Second semester.  A new beginning.  Another chance to light a fire. Thrilling and terrifying all at the same time.  And I'm not thinking about students when I write this, but rather of the teacher.   That's me.  For a global thinker, it is all so overwhelming because I see all the possibilities and the way each plays out and they are all simply swirling in my head.  And for a teacher like me, pinning them down into a linear fashion that anyone else can follow is the biggest challenge of all. So, I get out yet another notebook and try, try, try to catch the tails of all those balloons floating around in the sky. I spend 20 minutes just looking for the right pen to use to begin to line it up.
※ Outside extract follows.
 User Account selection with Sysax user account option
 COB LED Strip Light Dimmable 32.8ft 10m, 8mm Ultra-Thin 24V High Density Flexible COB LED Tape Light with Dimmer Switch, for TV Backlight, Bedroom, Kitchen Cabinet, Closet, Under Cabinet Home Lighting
What do they need to know how to do to be successful?

Here's what I know:

  • This semester is the semester of ridiculous testing.  SAT and AP.  It is my job to prepare my students.  It is also my job not to step every day on their souls by inflicting myriad reading passages accompanied by brain draining multiple choice questions. How to balance this? What's true for AP is that after all of the AP reading passages we've done, the SAT passages are like kindergarten.  So, they don't need that.  English 11 on the other hand does need that but wants it the least, for the most part.
  • This year's AP students, and actually many English 11, come in with strong rhetorical analysis skills because of the new SAT essay and the tremendous job that English 10 teachers have done in introducing and covering those skills....which means that we can spend less time there and more time on authentic writing.  First semester was all about real and expressive writing and inquiry and the personal essay.  Second semester should focus on reviewing the rhetorical analysis stuff, but should also move on to what will be especially important for college: synthesis writing a.k.a "the research paper."
  • What I want my goal to be with the synthesis writing is to turn the old "term/research paper" on its head and make it waaaaay more meaningful for students.  Waaaaay more authentic. I believe it is the big essential learning that is left. When I say that, what is implied is that there are a hundred tiny essential learnings that take place all at once that can't help but be part of what leads students to be able to write the synthesis writing.  
  • This is where it gets muddy.....there is the timed one that they will be required to do for the AP test and then there is the real stuff where they get to actually engage in the process of inquiry.  It feels to me as though what must come first is the real one and then we practice the fake timed one.
  • If that was muddy, this next part is like trying to wade through clay.  At the same time, I must figure out a meaningful way to teach vocabulary and also read as a class (shoot me now) at the minimum one novel, at the most three. To what end?  Exposure?  Okay?  What works better for me is to probably read and incorporate the writer's notebook during that reading and the independent reading so that they can find a "seed" idea upon which they can formulate a question upon which they can engage in authentic inquiry. And that is good for all kids, AP or not.
  • So I'm back at my same question: where do I start?
  • Maybe I start by Considering the Lobster (David Foster Wallace) with all students, AP or not.  But for English 11, I break it into manageable chunks. And I pull vocab from there.  And I incorporate the writer's notebook thinking piece.  So, we do this with something small.  And then with Brave New World.  And we examine the question(s) that Wallace and Huxley probably began with. All the while doing the same with independent reading.  And then, and then, and then ......

Monday, January 9, 2017

Reflection: Teaching the Personal Essay

I still believe that this is the most meaningful teaching I do all year.  And now, I've cut out a lot of other non-essentials in order to free time and space for students to engage authentically in the process.  Always, teaching this involves high highs and low lows.  Sometimes I have conversations with students during the writing process and during conferencing that I believe truly help them help themselves reach the next step.  Other times, I read a student essay and I'm at a complete loss for words.  The only thing to do at that time is to shut up and listen to the student.  If I can get the student talking about why they chose a particular topic, what led them to write an entire essay about "Ants"--true story--then I can usually get them to reveal what it is that they are really trying to say.  The next step is to follow with a simple question, "What do you think you'll do next?"  The great thing about this job is that most of the time, the student has the answer about how to make his writing better.  I don't have to come up with it.  I just have to ask the right questions to help him discover what needs to be done next.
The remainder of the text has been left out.